Agner Fog's Microarchitecture page 221 said:
20.21 Bottlenecks in AMD Ryzen

The throughput of each core in the Ryzen is higher than on any previous AMD or Intel x86 processor, except for 256-bit vector instructions. Loops that fit into the μop cache can have a throughput of five instructions or six μops per clock cycle. Code that does not fit into the μop cache can have a throughput of four instructions or six μops or approximately 16 bytes of code per clock cycle, whichever is smaller. The 16 bytes fetch rate is a likely bottleneck for CPU intensive code with large loops.

Most instructions are supported by two, three, or four execution units so that it is possible to execute multiple instructions of the same kind simultaneously. Instruction latencies are generally low.

The 256-bit vector instructions are split into two μops each. A piece of code that contains many 256-bit vector instructions may therefore be limited by the number of execution units. The maximum throughput here is four vector-μops per clock cycle, or six μops per clock cycle in total if at least a third of the μops use general purpose registers.

The throughput per thread is half of the above when two threads are running in the same core. But the capacity of each core is higher than what a single-threaded application is likely to need. Therefore, the Ryzen gets more advantage out of simultaneous multithreading than similar Intel processors do. Inter-thread communication should be kept within the same 4-core CPU complex if possible.

The very high throughput of the Ryzen core places an extra burden on the programmer and the compiler if you want optimal performance. Obviously, you cannot execute two instructions simultaneously if the second instruction depends on the output of the first one. It is important to avoid long dependency chains if you want to even get close to the maximum throughput of five instructions per clock cycle.

The caches are fairly big. This is a significant advantage because cache and memory access is the most likely bottleneck in most cases. The cache bandwidth is 32 bytes per clock which is less than competing Intel processors have.





Loops that fit into the μop cache can have a throughput of five instructions or six μops per clock cycle. Code that does not fit into the μop cache can have a throughput of four instructions or six μops or approximately 16 bytes of code per clock cycle, whichever is smaller. The 16 bytes fetch rate is a likely bottleneck for CPU intensive code with large loops.
"Better Instruction Pre-Fetching", "Re-Optimized Instruction Cache", "Larger Op Cache"
-> All three changes should ensure that more code fits the now larger μop cache.

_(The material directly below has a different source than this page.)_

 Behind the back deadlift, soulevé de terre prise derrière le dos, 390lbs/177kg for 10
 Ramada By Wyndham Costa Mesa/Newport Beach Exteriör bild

The 256-bit vector instructions are split into two μops each. A piece of code that contains many 256-bit vector instructions may therefore be limited by the number of execution units.
"Doubled Floating Point Width to 256-bit"
-> 256-bit vector instructions in one μop, or doubling of execution units.

The maximum throughput here is four vector-μops per clock cycle, or six μops per clock cycle in total if at least a third of the μops use general purpose registers.
-> Either unchanged four (now 256-bit) or eight (unchanged 128-bit) vector-μops per clock cycle.
-> Probably the former going by the wording in "Doubled Floating Point Width to 256-bit"

Inter-thread communication should be kept within the same 4-core CPU complex if possible.
-> CCX may have been increased to 8 cores and/or inter-CCX latency improved.

Obviously, you cannot execute two instructions simultaneously if the second instruction depends on the output of the first one. It is important to avoid long dependency chains if you want to even get close to the maximum throughput of five instructions per clock cycle.

"Improved Branch Predictor"
-> Better branch predictions should help the core break more dependency chains.

The caches are fairly big. This is a significant advantage because cache and memory access is the most likely bottleneck in most cases. The cache bandwidth is 32 bytes per clock which is less than competing Intel processors have.
"Re-Optimized Instruction Cache", "Larger Op Cache", "Doubled Load / Store Bandwidth", "Increased Dispatch / Retire Bandwidth"
-> For the bigger 256-bit vector instructions these improvements may be a necessity for avoiding new bottlenecks.
"Maintained High Throughput for All Modes"
-> Implies integer and <256-bit vector instructions may also profit from these improvements, possibly significantly so.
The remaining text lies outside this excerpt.